Digital audio files are available in many different formats. Two of the most commonly used audio file formats are MP3 and MP4. If you are ripping (copying) music from a CD, it is usually converted into one of these formats, and most programs allow you to chose which format is used. When you download music from any of the available online media sites, the songs will automatically download in a preselected file format.
However, before you click that “rip” or “download” button you may want to consider whether you are downloading audio files in the format that best suits your needs. If you fail to get music in the right file format, the new songs may not play on some of your hardware or software. Understanding the difference between MP3 and MP4 files could save you from future incompatibility problems.
MP3 Audio File Format:
The MP3 is arguably the most useful format for digital music. MP3 files will play on almost any new portable player, such as the immensely popular Apple iPod, or the Zune, which is Microsoft’s portable player. MP3’s will play on most new home and car stereos, and are also compatible with most computer software.

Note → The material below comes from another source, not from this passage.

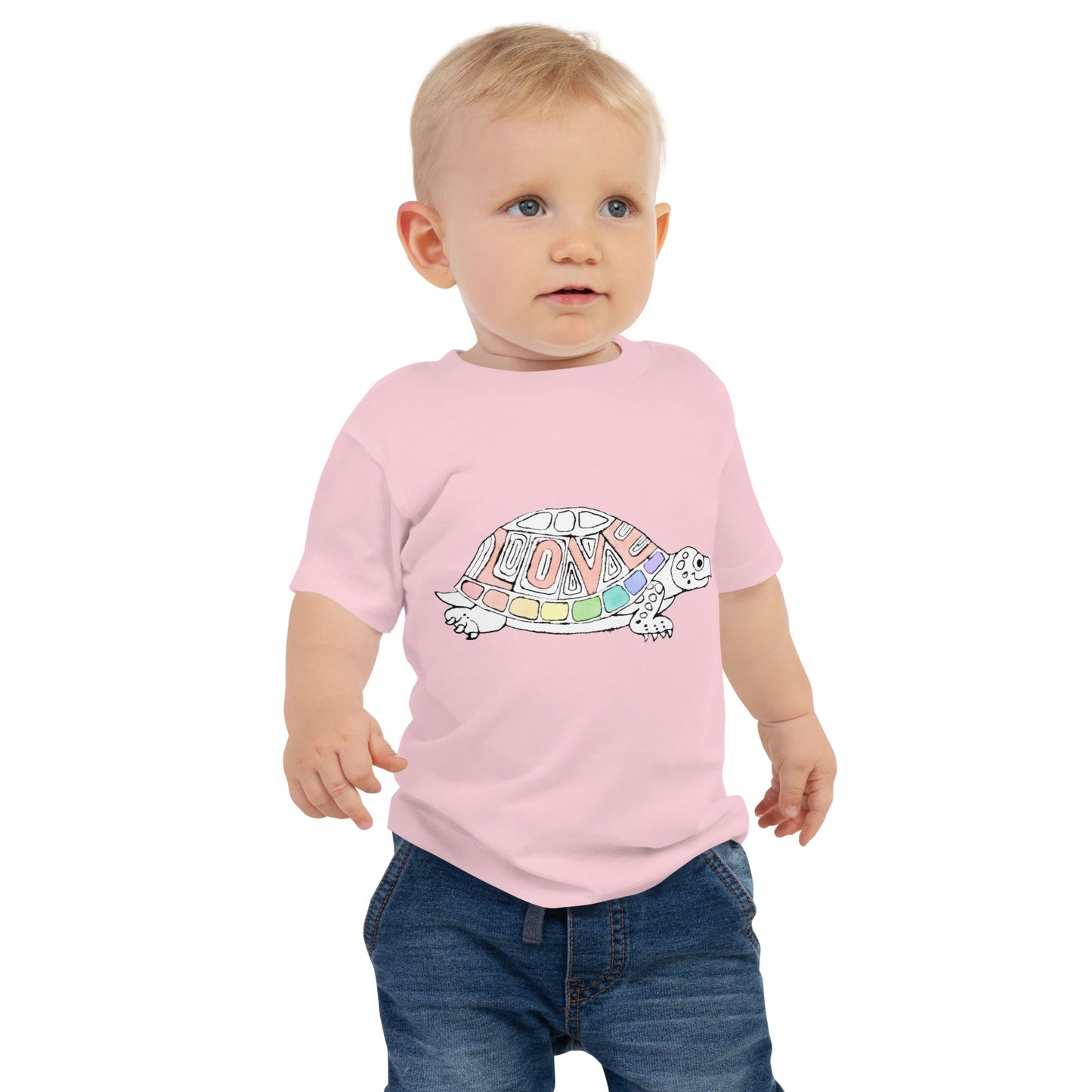 Two Owls Rainbow Love Turtle Baby Jersey Short Sleeve Tee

One important aspect of the MP3 format is that they will usually even play on many of the older devices. However, you may need to determine whether an MP3 is encoded with a constant bit rate (cbr) or variable bit rate (vbr). If you have older equipment, you may want to avoid vbr files.
New equipment can play both cbr and vbr MP3 files. In the long run, if you want your music to play any time, any where, on any equipment, then you should rip or download your music in the MP3 format.
MP4 Audio File Format:
The MP4 file format is also known as the M4a format. The MP4 is most common in connection with Apple. If you rip CD’s or download music using iTunes, chances are you have a lot of MP4’s. The MP4 files are often a little smaller in size than MP3 files, allowing you to fit more music on your computer or player. Other than the smaller size of MP4s, there’s no real advantage to this format.

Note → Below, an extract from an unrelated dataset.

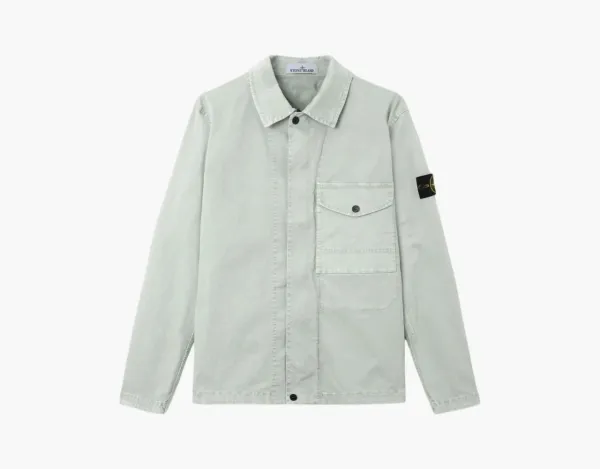 Stone Island Ogranic Cotton Stretch Broken Twill Overshirt Sage Green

In fact, there are potential disadvantages to using the MP4 format. MP4 files can have digital rights management (DRM) incorporated in them, which is a type of “copy protection.” DRM can cause problems when attempting to backup your files or move them to a new computer. In the past, if you chose to switch from an Apple computer over to a Windows based PC, your MP4 files would be incompatible. Fortunately, Microsoft has fixed the incompatibility problem in the new Windows 7, and Mp4 files have complete functionality. The Microsoft Zune player also works with Mp4’s.
The MP3 and MP4 file formats are two of the most commonly used formats for audio files. Understanding the difference between MP3 and MP4 file formats can prevent many potential problems and allow you to make the best of your digital music library.